### Prompt
Repeat verbatim, and only, the lines of the data below, beginning at the line that contains "Coworking içinde oturan" and stopping after the line that contains "Irina liest das".

### Extracted information
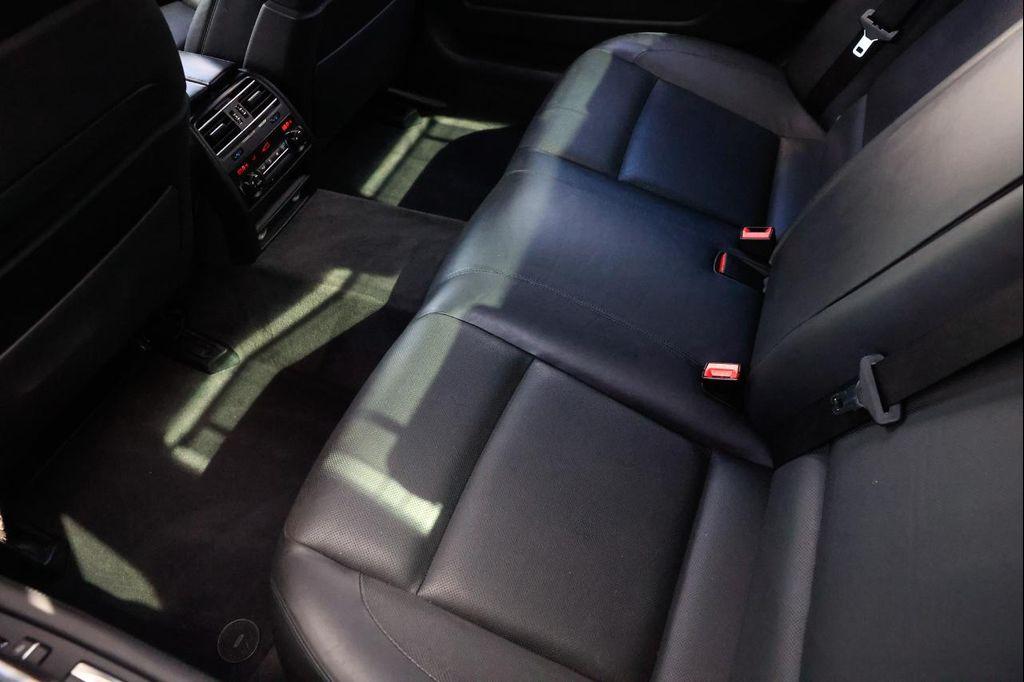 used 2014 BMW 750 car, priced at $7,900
---
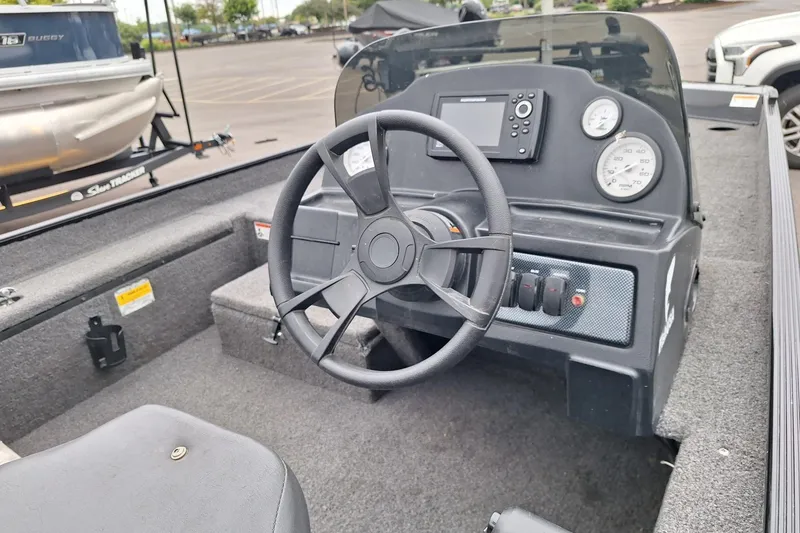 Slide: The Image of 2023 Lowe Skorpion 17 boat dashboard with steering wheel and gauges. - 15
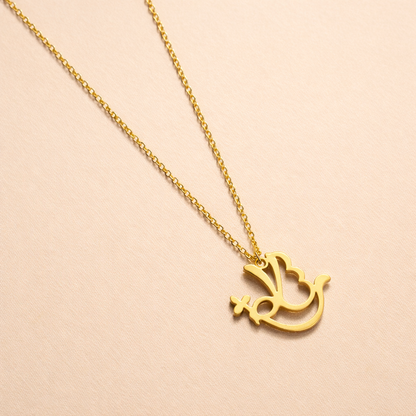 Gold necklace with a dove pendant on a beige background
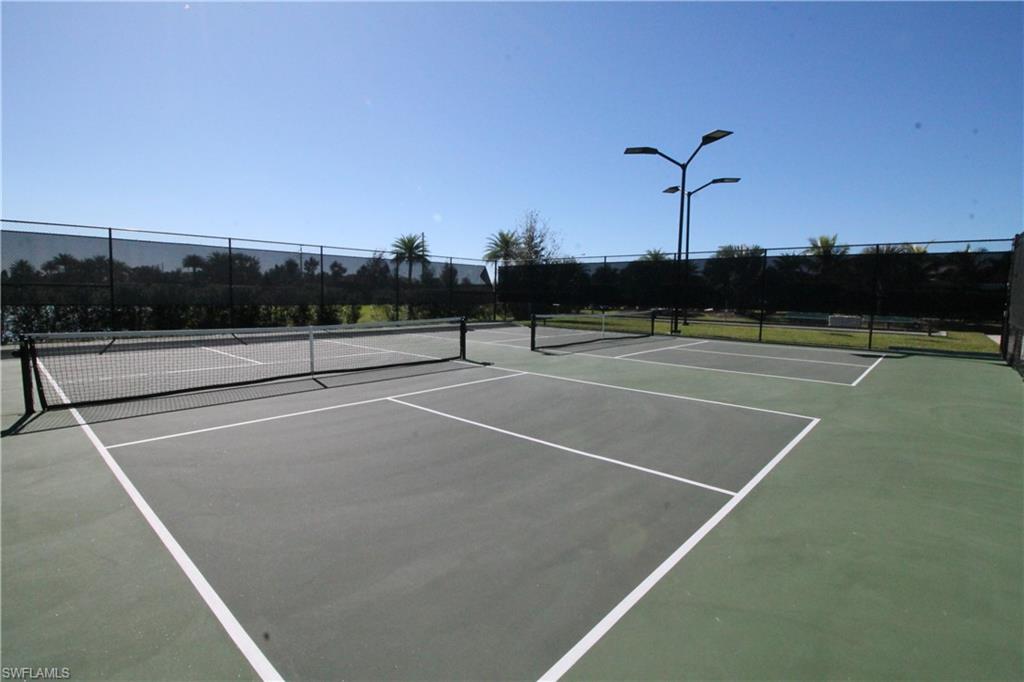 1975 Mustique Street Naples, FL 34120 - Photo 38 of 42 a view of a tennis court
* * *
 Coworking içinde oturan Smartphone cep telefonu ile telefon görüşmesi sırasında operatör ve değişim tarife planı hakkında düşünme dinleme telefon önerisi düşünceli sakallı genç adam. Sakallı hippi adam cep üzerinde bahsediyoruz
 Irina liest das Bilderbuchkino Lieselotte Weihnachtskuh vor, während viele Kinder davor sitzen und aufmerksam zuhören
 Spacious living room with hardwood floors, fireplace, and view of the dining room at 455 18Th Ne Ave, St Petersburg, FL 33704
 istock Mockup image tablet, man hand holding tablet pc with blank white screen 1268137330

### Your response
 Coworking içinde oturan Smartphone cep telefonu ile telefon görüşmesi sırasında operatör ve değişim tarife planı hakkında düşünme dinleme telefon önerisi düşünceli sakallı genç adam. Sakallı hippi adam cep üzerinde bahsediyoruz
 Irina liest das Bilderbuchkino Lieselotte Weihnachtskuh vor, während viele Kinder davor sitzen und aufmerksam zuhören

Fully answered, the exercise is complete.